She said quickly, ‘My father brought me up. My mother died ages ago, before the war.’
He smiled as if that wasn’t so long ago to him.
‘I’m sure your father would be horrified if you stayed here after tonight.’
‘I suppose so,’ she said doubtfully, realizing that she could not bear the thought of telling her father what had happened: he would be so shocked, even, perhaps, disbelieving. He was so sure of the decency and kindness of ordinary people that Mrs. Ames’s behaviour would seem to him monstrous, almost mythical, like some dark wickedness out of an old Gothic tale.
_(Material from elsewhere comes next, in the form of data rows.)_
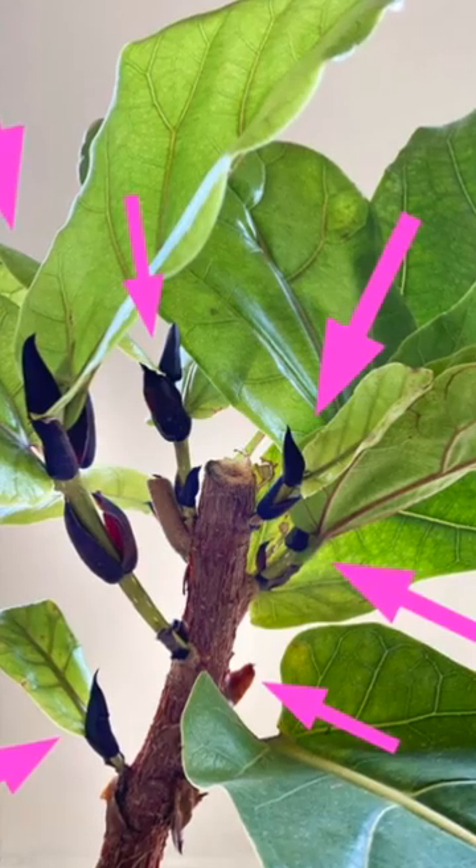It's probably the easiest method. Basically what you do is take a new leaf bud and cut it off at the base, and it will form a new branch.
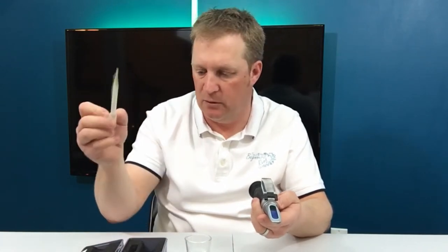To use these, they're really simple. All you need is a sample of your aquarium water. In the box you'll usually get a cleaning cloth, a set of instructions, a pipette for putting the water onto the visual slide, and an adjustment screwdriver.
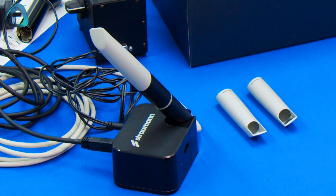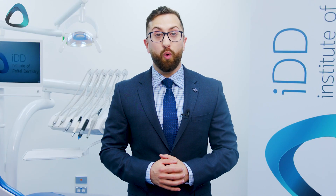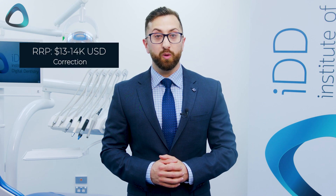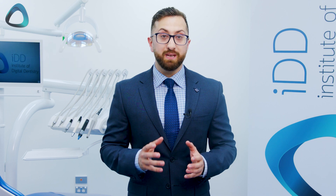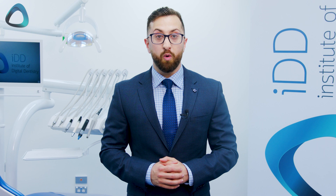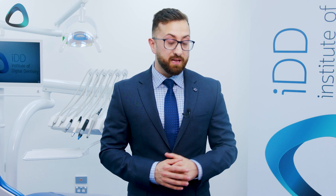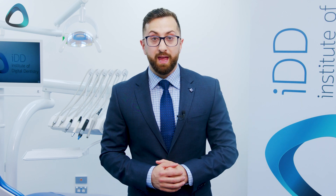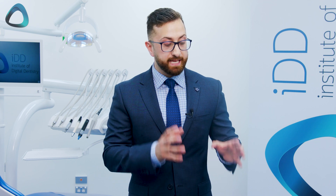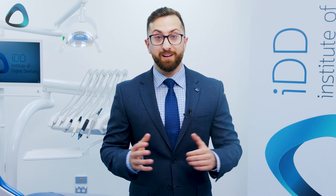And that's basically it for the unboxing of the Virtuo Vivo. As you can see, you get quite a lot for $10,000 to $11,000 USD — it is quite an interesting relaunch of a product. Straumann is really focusing on making this as simple to use as possible while keeping the price tag down. The laptop comes pre-built with the software, and this software cannot be installed on any other computer — it has to be used on the specific laptop provided.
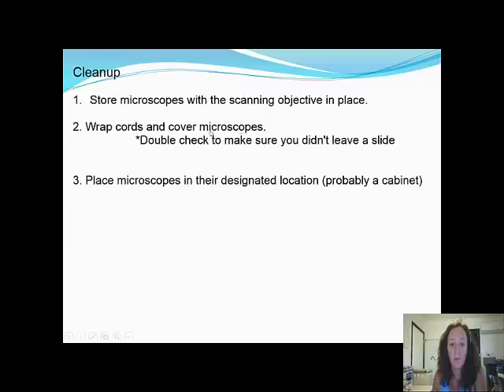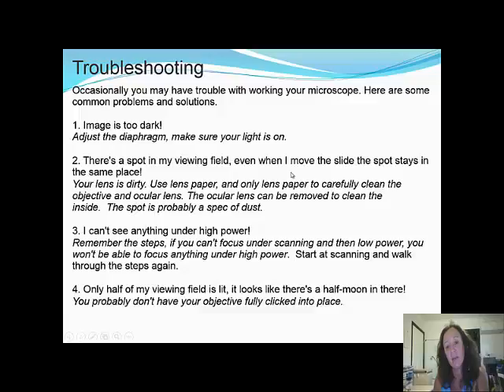Troubleshooting — here are some common problems and solutions. If the image is too dark, adjust the diaphragm and make sure your light is on. If there's a spot in your viewing field that stays in the same place even when you move the slide, your lens is dirty — use only lens paper to carefully clean the lenses; it's probably just a speck of dust. If you can't see anything under high power, remember the steps: if you can't focus under scanning and then low power, you won't be able to focus under high power. Start back at times 40 magnification and walk through the steps again.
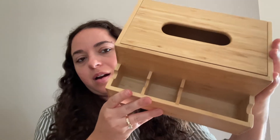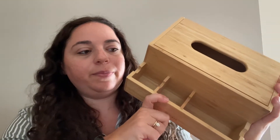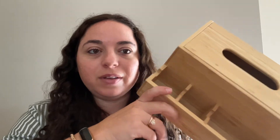So on the front there are three little spots — you can stick your phone in here. The picture on the box also has a pair of glasses, so if you read on the couch, you have your reading glasses, and then a spot for the TV remote.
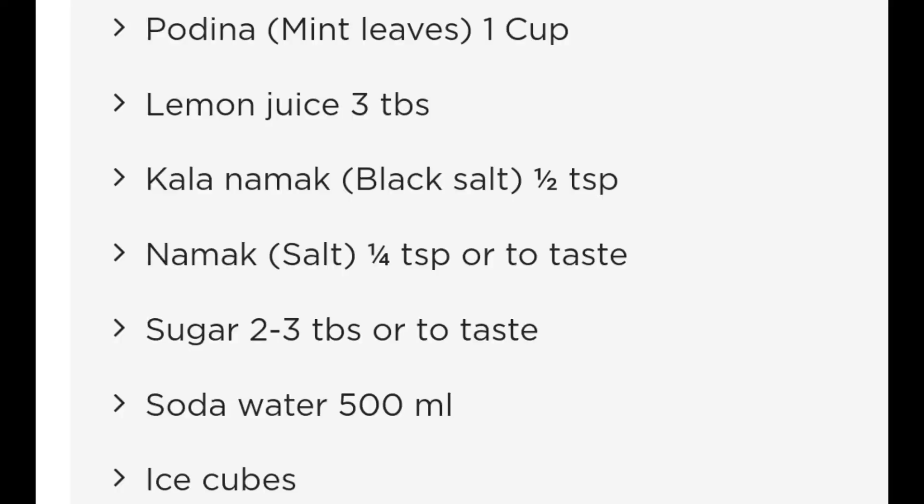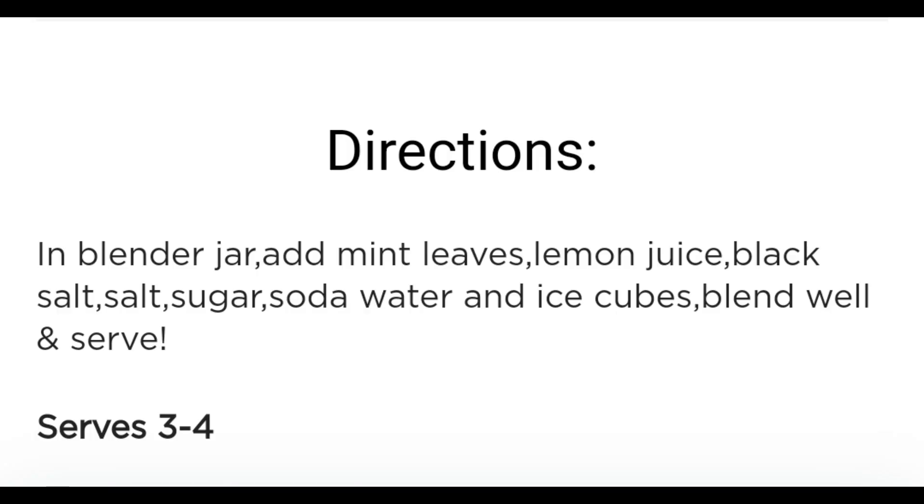The ingredients are going to be 1 cup of mint leaves, lemon juice 3 tablespoons, black salt half teaspoon, salt one quarter teaspoon, sugar two to three tablespoons or according to taste, and then soda water 500 ml and ice cubes. You could also do 7-Up instead of soda water and delete the sugar part.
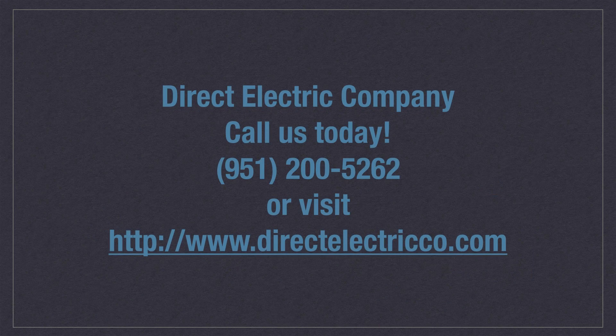A modern atmosphere coupled with convenience is what you will get with a Decora switch, so why not brighten up your interior with Decora switches today?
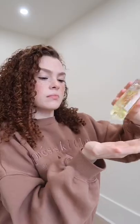Then I shake and scrunch my hair. I wait until it's like 50 to 60 percent dry and then I'll diffuse it. Then I go in with a hair oil for shine, and that's pretty much it.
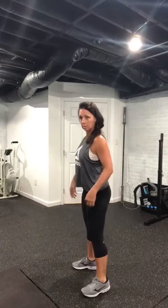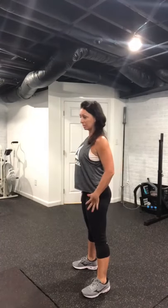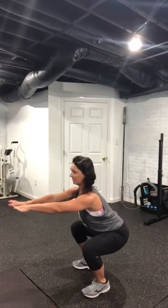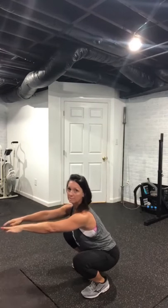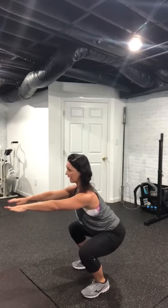This is your iron chair hold. You will stand in your squat, feet outside the shoulder position, go down to a parallel and stay engaged. Do not bottom out — that takes the pressure off. You want to stay contracted and engaged. This is your squat hold, or your iron chair.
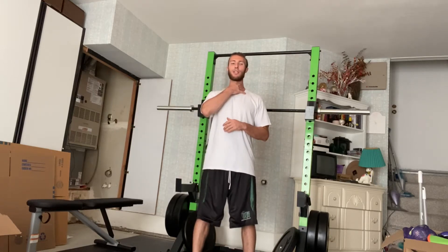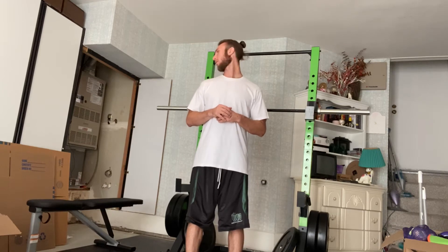This is part one of a neck series for strengthening as well as mobilizing the neck. There are going to be three motions: flexion extension, lateral flexion, and rotation.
Mary thought that she could not imagine her father ever being in an ordinary, human dilemma or anyone daring to humiliate him; it was as if he created a moral climate about him in which everyone always behaved with a simple, forthright goodness like characters out of Little Women. Besides, he had been very impressed by Mrs. Ames and the pompous, Victorian comfort of her house. On the one occasion he had visited Mary, neat as a pin in his best navy suit, he had said when she saw him off at the station, ‘Try not to be a trouble to Mrs. Ames. It’s good of her to take you in.’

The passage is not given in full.